Data supplied =>

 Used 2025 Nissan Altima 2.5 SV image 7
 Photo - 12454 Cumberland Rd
...
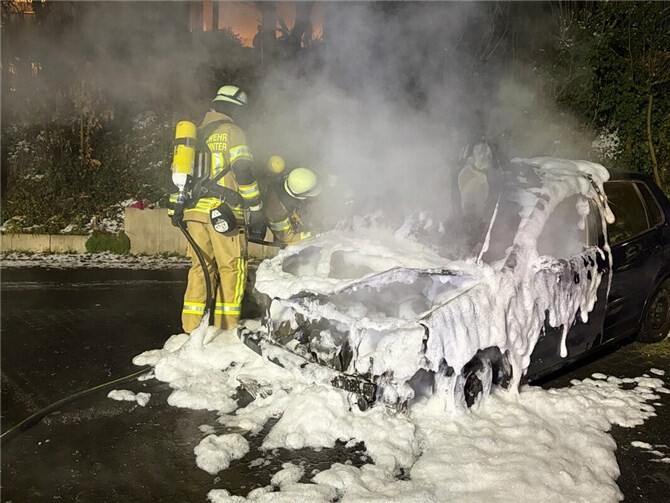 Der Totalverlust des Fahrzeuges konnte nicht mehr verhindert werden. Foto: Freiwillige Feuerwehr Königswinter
...
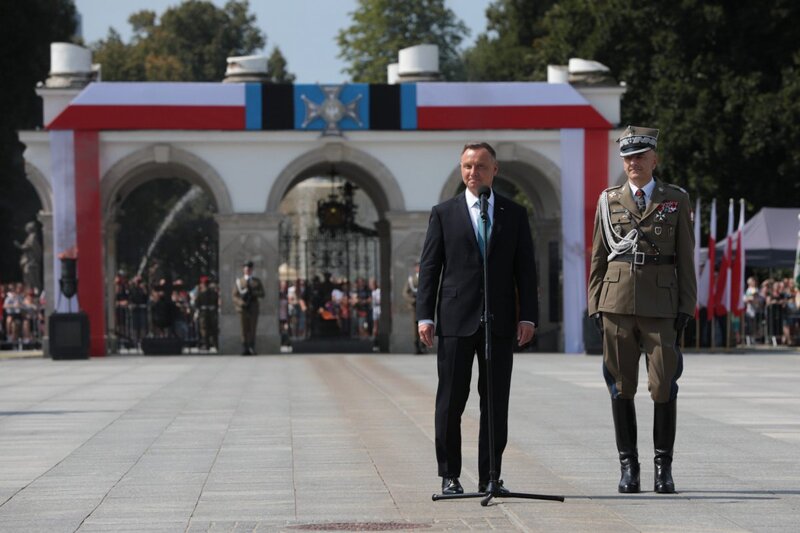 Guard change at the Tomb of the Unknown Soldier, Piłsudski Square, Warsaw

Problem details => Could you set down, word for word, only the lines above from the line with "Used 2025 Nissan Altima 2.5 SV image 7" to the line with "Photo - 12454 Cumberland Rd", including both?

Your solution =>
 Used 2025 Nissan Altima 2.5 SV image 7
 Photo - 12454 Cumberland Rd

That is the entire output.